L'Allemagne n'a pas le monopole des décisions
Rzeczpospolita réclame que sur le dossier de l'immigration, on écoute enfin la voix des Etats de Viségrad :
«Quand Angela Merkel avait ouvert les frontières et laissé entrer des millions de réfugiés en 2015, elle n'avait pas jugé utile de prévenir son premier partenaire à l'époque, François Hollande. Ce qui ne l'a pas empêché, peu après, de demander à la France - et à d'autres pays - de partager le fardeau des réfugiés. Aujourd'hui, des diplomates européens de haut rang reconnaissent que Viktor Orbán et Donald Tusk avaient été les premiers à mettre en garde qu'une mauvaise gestion de la crise des réfugiés déclencherait une autre vague : la vague du populisme et de l'instabilité dans l'UE. Après cet épisode, peut-être Bruxelles ne sera-t-elle plus exclusivement à l'écoute des pays les plus puissants de l'Union.»
L'UE charge l'Autriche de consolider la forteresse
Loin d'apporter une solution à la question de l'immigration, le sommet se contentera de le déplacer, lit-on dans La Stampa, qui se réfère à un document encourageant à cadenasser les frontières :
«L'Europe n'étant pas en capacité de trouver une solution à la gestion de l'immigration, elle est prête à se transformer en bunker. Un plan est déjà en place et a été signé par le gouvernement autrichien, qui assumera dimanche pour six mois la présidence tournante de l'UE. Ce soir, le Conseil européen donnera mandat à l'Autriche de prendre en charge le dossier de l'immigration et, en particulier, la réforme de Dublin. La Stampa a eu accès à un document que Vienne soumettra lundi au Comité de sécurité de l'UE. Le gouvernement y suit une thèse très claire : les phénomènes migratoires constituent une menace pour la sécurité.»

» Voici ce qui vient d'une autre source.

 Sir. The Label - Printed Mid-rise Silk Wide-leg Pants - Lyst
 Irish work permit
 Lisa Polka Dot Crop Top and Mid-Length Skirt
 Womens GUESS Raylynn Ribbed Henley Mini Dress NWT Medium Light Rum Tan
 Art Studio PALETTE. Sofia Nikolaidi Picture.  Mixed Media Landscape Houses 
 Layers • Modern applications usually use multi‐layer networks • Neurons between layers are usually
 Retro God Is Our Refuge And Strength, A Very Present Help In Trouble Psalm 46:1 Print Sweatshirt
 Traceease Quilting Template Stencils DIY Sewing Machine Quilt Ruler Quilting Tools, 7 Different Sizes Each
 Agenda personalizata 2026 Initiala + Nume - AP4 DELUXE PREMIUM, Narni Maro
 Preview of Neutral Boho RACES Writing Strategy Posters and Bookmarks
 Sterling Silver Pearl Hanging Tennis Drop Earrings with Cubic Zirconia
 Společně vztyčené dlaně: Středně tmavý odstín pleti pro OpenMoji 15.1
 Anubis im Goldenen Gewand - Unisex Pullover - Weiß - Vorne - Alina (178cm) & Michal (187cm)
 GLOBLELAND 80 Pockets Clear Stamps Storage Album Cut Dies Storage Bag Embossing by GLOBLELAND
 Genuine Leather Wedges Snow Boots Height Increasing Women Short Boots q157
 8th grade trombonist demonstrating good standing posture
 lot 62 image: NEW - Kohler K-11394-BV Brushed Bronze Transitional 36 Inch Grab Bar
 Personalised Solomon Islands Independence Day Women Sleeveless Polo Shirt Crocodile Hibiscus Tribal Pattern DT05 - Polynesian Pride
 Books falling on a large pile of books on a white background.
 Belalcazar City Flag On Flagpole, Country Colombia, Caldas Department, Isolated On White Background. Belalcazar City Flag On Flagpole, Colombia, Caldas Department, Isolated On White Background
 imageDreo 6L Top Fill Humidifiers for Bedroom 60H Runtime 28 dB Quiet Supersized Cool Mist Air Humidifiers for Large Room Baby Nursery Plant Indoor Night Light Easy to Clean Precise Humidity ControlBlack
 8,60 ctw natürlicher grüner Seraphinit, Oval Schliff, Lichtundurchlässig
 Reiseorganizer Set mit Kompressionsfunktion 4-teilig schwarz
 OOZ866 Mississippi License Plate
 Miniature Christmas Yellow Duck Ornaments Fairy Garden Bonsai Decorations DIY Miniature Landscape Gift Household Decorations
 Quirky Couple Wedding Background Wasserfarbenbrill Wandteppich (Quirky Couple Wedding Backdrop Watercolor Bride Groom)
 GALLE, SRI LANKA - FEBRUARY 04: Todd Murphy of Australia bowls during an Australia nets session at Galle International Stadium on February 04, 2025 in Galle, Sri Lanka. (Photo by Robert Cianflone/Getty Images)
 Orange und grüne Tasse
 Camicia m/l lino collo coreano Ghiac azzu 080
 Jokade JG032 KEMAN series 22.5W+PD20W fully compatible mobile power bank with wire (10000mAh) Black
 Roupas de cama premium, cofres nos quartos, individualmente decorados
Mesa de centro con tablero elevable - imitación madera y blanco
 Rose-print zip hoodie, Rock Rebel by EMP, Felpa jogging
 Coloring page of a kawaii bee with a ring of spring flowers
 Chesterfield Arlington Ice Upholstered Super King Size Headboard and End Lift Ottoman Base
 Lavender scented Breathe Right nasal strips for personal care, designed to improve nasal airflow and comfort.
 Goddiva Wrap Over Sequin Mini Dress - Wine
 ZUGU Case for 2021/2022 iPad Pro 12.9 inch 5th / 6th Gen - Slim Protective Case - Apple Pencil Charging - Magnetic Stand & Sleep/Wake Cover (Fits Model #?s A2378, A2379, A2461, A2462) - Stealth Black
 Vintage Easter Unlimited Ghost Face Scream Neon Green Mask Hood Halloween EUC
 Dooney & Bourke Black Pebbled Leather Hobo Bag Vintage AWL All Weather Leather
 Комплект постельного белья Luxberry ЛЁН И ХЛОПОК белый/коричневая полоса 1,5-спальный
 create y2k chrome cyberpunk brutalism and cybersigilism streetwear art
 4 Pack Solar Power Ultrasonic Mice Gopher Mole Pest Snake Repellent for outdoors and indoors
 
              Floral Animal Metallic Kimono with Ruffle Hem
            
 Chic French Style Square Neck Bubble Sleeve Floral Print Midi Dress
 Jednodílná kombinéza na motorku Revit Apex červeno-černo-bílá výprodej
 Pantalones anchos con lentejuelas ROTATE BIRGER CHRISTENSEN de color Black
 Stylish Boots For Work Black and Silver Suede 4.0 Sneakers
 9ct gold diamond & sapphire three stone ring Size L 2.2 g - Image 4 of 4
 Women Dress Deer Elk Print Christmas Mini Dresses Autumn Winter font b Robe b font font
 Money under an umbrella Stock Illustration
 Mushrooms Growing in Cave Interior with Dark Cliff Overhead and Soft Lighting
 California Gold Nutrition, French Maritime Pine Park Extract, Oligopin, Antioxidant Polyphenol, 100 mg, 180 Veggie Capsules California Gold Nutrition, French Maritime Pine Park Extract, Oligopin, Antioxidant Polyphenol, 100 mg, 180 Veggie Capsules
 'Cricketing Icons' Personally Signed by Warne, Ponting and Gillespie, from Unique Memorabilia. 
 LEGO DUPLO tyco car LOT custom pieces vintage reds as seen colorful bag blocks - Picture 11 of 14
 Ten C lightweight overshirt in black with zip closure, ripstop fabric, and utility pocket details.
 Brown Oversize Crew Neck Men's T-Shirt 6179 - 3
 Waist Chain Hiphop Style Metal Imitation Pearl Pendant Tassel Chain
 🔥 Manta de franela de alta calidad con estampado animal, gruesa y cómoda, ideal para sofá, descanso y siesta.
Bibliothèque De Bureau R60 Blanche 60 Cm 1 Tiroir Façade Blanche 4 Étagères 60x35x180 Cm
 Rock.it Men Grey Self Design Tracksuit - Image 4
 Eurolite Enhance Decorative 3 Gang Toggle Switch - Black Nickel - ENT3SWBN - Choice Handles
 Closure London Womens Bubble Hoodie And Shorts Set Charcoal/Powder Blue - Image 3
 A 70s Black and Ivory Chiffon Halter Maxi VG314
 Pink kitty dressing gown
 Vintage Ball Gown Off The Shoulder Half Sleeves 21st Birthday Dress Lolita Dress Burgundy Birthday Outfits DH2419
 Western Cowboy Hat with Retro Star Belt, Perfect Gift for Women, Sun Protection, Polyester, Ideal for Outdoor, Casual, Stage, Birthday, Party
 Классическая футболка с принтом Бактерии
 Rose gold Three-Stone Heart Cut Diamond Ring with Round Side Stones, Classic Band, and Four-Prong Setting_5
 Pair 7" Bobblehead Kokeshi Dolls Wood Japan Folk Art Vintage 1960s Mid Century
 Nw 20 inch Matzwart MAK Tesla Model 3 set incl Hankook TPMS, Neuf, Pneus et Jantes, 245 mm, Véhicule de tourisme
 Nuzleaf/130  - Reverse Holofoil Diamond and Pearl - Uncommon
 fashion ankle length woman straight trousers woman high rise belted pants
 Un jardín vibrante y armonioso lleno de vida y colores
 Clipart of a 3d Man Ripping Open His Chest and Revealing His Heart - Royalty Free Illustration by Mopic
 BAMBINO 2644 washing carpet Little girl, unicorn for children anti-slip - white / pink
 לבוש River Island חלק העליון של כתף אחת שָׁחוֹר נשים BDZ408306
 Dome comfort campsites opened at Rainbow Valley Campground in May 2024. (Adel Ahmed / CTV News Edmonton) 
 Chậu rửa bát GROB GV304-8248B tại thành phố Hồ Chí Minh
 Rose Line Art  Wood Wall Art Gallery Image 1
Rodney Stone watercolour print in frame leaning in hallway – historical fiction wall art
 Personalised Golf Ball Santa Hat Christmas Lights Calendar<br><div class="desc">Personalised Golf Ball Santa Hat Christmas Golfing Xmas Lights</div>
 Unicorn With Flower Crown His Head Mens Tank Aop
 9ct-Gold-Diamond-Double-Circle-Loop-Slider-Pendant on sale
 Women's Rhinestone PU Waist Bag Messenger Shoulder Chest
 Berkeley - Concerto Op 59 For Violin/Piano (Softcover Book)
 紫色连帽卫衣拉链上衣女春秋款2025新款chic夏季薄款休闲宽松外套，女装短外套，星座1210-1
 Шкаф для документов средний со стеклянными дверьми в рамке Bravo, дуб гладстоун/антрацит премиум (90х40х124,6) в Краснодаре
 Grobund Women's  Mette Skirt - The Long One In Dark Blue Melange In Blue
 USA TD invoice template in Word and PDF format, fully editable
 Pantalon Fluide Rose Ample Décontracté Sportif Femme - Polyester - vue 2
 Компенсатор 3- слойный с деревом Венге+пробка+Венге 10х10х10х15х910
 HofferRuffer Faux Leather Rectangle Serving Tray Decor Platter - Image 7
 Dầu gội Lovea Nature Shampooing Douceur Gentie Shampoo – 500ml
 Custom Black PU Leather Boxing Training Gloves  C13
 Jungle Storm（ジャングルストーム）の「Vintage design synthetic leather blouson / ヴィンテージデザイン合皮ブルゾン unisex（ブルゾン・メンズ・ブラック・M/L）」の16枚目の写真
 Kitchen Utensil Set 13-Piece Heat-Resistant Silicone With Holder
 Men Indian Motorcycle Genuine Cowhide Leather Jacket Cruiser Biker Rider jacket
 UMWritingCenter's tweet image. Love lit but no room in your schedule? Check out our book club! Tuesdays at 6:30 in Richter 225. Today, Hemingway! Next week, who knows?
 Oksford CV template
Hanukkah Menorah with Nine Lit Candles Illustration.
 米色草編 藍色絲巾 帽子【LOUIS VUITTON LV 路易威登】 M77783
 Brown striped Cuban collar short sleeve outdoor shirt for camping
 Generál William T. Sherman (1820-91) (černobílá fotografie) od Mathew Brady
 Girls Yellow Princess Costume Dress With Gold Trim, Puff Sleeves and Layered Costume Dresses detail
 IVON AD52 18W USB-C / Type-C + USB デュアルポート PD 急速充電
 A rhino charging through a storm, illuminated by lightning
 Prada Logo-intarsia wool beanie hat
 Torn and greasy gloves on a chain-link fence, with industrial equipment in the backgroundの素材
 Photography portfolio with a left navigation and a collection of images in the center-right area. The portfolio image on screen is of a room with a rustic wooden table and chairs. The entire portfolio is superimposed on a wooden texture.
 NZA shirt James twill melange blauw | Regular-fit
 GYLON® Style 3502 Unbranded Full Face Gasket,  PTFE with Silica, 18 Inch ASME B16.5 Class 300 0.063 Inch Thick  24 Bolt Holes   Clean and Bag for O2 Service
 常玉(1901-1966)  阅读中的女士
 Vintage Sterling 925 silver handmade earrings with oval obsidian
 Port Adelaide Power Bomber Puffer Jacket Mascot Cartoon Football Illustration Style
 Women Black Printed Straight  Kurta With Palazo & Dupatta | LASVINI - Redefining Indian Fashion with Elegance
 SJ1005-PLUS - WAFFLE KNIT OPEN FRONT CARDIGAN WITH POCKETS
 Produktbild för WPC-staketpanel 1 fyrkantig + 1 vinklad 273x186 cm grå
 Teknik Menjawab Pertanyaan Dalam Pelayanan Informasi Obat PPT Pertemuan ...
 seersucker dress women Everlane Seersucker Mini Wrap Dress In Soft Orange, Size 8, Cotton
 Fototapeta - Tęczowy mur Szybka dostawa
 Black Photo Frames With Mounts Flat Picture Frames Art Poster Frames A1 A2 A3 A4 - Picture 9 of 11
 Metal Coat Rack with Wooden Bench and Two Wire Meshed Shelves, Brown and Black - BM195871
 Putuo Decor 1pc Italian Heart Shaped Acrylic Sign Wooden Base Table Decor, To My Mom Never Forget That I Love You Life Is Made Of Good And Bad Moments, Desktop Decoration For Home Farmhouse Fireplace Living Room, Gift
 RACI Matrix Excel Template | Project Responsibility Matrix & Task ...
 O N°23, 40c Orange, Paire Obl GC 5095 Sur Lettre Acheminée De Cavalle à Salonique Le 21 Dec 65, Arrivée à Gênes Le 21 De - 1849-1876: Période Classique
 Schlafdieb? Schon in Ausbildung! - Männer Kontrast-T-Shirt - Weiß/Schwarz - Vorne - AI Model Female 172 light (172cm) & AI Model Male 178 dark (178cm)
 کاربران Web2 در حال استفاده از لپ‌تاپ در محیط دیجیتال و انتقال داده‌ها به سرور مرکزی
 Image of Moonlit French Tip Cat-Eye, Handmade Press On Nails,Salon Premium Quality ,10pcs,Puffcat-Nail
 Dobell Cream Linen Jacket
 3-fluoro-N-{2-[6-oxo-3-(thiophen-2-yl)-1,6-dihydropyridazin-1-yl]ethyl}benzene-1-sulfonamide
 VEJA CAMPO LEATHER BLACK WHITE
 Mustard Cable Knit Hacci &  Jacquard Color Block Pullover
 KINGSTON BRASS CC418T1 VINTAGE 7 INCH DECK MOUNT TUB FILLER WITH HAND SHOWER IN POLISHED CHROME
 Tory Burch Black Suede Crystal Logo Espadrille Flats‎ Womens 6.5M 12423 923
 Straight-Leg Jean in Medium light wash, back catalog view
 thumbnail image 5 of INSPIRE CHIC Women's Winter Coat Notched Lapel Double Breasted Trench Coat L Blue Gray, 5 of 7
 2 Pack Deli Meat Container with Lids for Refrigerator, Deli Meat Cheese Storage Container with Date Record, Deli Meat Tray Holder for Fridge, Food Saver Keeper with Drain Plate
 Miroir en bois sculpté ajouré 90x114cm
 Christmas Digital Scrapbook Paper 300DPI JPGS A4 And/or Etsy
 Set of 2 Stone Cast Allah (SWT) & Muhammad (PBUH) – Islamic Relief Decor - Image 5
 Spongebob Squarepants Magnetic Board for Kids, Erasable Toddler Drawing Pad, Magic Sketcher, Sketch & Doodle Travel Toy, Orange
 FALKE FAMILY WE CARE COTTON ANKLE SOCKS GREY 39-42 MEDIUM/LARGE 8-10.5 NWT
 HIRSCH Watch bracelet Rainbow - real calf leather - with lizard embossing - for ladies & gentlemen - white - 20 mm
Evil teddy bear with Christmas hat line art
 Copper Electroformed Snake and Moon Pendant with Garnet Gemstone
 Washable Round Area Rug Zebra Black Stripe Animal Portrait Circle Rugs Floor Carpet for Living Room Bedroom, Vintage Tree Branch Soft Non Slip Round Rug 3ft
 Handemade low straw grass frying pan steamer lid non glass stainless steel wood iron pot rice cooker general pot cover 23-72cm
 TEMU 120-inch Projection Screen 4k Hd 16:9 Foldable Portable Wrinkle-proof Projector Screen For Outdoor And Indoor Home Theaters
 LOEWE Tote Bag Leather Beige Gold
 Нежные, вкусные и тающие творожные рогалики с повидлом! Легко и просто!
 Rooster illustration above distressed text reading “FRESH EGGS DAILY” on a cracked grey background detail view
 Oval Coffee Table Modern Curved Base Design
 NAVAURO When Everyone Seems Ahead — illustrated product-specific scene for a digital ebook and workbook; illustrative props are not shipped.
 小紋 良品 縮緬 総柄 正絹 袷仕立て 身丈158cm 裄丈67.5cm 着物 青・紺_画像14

La CSU prépare le terrain à l'extrême droite
L'avenir de la coalition allemande est un autre enjeu du sommet européen, en raison du bras de fer engagé par la CSU, branche bavaroise de la CDU, avec la chancelière sur la question migratoire. De Standaard reproche à la CSU de manquer de sagacité :
«Les conservateurs bavarois montent témérairement sur le ring pour affronter des adversaires d'une tout autre catégorie. En plaçant l'immigration tout en haut de leur campagne pour les législatives [en automne], ils font le lit de leur adversaire de droite sur l'échiquier politique : l'AfD. En faisant la part belle aux thèmes de campagne de l'adversaire, ils les crédibilisent et endossent le rôle de plagiaire. Une maladresse politique. Et pourtant, Horst Seehofer, président de la CSU et ministre de l'Intérieur, poursuit la confrontation. ... Défaite au foot, chaos en politique : plus rien n'est sûr pour les Allemands.»